The world’s largest brewer announced this week that it was issuing bonds with maturities as long as 40 years, with proceeds used in part to buy back up to $11 billion of notes due from 2021 to 2026. Effectively, AB InBev is extending its more than $100bn debt load, presumably to relieve the burden of paying higher principal payments in the next few years. In 2026 alone, it has more than $10bn of debt scheduled to mature, more than double what it owes in 2020, according to data compiled by Bloomberg.
This is a somewhat bold move for a company that’s just a month removed from a Moody’s Investors Service downgrade to the lowest investment-grade tier.
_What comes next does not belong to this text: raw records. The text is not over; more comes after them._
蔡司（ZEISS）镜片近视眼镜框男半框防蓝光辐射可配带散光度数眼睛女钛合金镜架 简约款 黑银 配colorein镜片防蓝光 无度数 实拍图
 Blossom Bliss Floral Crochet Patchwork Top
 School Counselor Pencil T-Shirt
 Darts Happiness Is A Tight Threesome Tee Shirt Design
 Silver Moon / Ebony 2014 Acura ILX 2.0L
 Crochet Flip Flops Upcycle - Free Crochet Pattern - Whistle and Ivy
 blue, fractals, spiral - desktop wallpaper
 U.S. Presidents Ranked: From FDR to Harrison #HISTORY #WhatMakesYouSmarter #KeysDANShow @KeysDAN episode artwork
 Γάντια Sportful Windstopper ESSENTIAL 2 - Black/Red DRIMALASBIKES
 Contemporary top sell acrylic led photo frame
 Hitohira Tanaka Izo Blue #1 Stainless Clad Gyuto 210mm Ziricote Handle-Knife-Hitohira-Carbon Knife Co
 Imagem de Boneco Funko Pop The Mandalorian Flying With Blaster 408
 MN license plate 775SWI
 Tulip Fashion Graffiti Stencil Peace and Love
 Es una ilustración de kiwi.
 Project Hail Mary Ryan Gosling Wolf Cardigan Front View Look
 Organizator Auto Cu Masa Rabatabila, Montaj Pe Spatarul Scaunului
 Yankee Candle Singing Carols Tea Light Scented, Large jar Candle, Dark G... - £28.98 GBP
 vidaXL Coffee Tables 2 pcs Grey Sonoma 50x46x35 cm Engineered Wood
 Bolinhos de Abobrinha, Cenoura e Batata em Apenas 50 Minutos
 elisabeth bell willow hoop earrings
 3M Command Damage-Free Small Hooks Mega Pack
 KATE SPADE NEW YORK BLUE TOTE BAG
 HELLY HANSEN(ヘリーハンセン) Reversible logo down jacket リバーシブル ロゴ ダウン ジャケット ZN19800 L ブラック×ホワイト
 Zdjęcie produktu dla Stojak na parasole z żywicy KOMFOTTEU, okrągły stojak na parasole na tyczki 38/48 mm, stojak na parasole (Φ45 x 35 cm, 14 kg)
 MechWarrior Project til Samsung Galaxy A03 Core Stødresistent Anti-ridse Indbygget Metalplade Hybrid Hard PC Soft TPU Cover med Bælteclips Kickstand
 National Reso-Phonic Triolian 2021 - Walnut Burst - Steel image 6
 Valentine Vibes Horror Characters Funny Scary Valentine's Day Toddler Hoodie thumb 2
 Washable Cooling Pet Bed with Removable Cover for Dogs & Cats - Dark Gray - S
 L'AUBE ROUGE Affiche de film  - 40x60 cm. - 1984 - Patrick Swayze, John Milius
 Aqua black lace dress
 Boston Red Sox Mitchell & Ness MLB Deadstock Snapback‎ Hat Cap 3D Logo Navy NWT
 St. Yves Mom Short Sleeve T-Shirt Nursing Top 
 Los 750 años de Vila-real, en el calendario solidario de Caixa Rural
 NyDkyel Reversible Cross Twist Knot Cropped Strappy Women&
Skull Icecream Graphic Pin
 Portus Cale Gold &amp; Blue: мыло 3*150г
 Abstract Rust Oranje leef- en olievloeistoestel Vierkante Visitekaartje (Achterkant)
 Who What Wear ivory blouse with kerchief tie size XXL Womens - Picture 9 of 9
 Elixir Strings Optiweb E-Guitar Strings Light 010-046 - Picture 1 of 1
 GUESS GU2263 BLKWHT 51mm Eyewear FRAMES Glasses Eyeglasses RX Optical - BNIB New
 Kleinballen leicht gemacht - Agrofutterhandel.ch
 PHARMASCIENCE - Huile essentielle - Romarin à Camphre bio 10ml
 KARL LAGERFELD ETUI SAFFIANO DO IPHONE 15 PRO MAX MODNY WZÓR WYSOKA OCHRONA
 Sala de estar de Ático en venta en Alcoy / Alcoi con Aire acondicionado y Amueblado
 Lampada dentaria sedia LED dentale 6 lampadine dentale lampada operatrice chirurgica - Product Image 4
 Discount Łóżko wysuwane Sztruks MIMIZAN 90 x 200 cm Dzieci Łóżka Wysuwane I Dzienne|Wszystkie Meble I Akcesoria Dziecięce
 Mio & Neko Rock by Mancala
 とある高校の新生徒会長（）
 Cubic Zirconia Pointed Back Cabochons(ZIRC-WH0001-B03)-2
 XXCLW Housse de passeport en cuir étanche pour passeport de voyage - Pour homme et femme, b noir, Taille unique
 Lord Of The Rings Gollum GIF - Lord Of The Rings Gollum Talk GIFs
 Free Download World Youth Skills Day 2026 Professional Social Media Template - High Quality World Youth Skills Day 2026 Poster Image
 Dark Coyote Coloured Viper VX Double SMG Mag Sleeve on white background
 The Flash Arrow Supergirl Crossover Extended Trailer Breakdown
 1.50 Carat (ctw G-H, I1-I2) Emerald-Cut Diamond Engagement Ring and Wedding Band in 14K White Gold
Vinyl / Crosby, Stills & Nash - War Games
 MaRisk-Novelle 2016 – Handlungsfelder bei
After all, analysts pinned the rating cut squarely on the fact that AB InBev’s leverage is expected to remain elevated in the near future. The brewer has already opted to reduce dividend payouts to shareholders by half, which helps its cash flow. But as far as its borrowings are concerned, it appears that company officials view kicking the proverbial can down the road as the best option.
Last year, this sort of sale might have been a struggle. If the first two weeks of 2019 are any indication, though, debt investors seem to be (to borrow another Bud Light slogan) up for whatever. Buoyed by a broad feeling of risk-taking across global markets, the Bloomberg Barclays US Corporate High-Yield Bond Index is up 3 percent already this year, and investment-grade company debt is outperforming Treasuries. It’s not quite a seller’s market but it’s certainly a better environment than a few weeks ago.
AB InBev is particularly worth watching because it’s considered one of the leveraged behemoths that could cause chaos in the corporate debt market if its rating were ever to fall below investment grade. Others include the Ford Motor Co, Campbell Soup Co and Keurig Dr Pepper Inc.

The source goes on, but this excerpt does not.